The big winner last night was the Richmond Progressive Alliance (RPA), which increased their City Council seats from a majority to a supermajority. And they did it without a single candidate scoring a majority vote..

In the mayor’s race, as I predicted, Eduardo Martinez took home the prize with barely more than a third of the vote. Shawn Dunning and Nat Bates split most of what was left. The takeaway is that 63.93% of voters did not support Martinez, but he won anyway and will be our mayor for the next four years. Early on, I urged both Dunning and Bates to consider one of them standing down, taking a bullet, and making this a one-on-one race. But egos prevailed, and now we are stuck with a mayor unsupported by a majority of residents.

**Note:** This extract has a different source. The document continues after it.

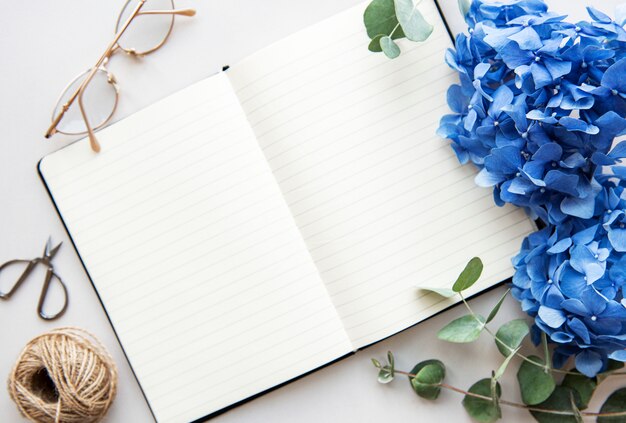 Open white notebook with blue flowers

This is a trend that the RPA has exploited from the beginning, running a single candidate who can beat a field of contenders who split the non-RPA vote.

In a one-on-one District 2 race, Andrew Butt scored a majority 53.38% of the vote, handily beating challenger Cesar Zepeda. Zepeda was a formidable candidate who clearly won the endorsement contest with the entire local Democratic establishment, the powerful RPA-affiliated public employee union SEIU, the East Bay Times, and others, showing that these organizations are out of touch with what Richmond voters really want. Cesar is not a card-carrying RPA candidate, but he shared endorsers with the RPA candidates, including SEIU and the Democratic Party establishment, which continues to veer left.

Backed by the RPA, District 3 candidate Doria Robinson pulled off another victory with a little over a third of the vote. Corky Booze and Oscar Garcia split the rest with not enough for either of them to prevail. Doria claims not to be an RPA member, and she may not carry a card, but her heart is RPA through and through. She will be soon be faced with what to do about her conflict of interest related to the $35 million Transformative Climate Communities grant that is slated to provide Urban Tilth, the nonprofit she heads, with millions of dollars of City of Richmond contracts.


In the El Sobrante Valley (and part of Hilltop), Soheila Bana soundly trounced RPA candidate Jamin Pursell in the other one-on-one race. Jamin was also endorsed by the Democratic Party establishment.


So, in the only two one-on-one races, RPA and RPA-friendly candidates were soundly defeated. This has been going on for years. The RPA rarely wins in a one-on-one race, but when multiple challengers split the vote, that’s it. Democracy is supposed to be majority rule, but in Richmond politics, democracy is minority rule.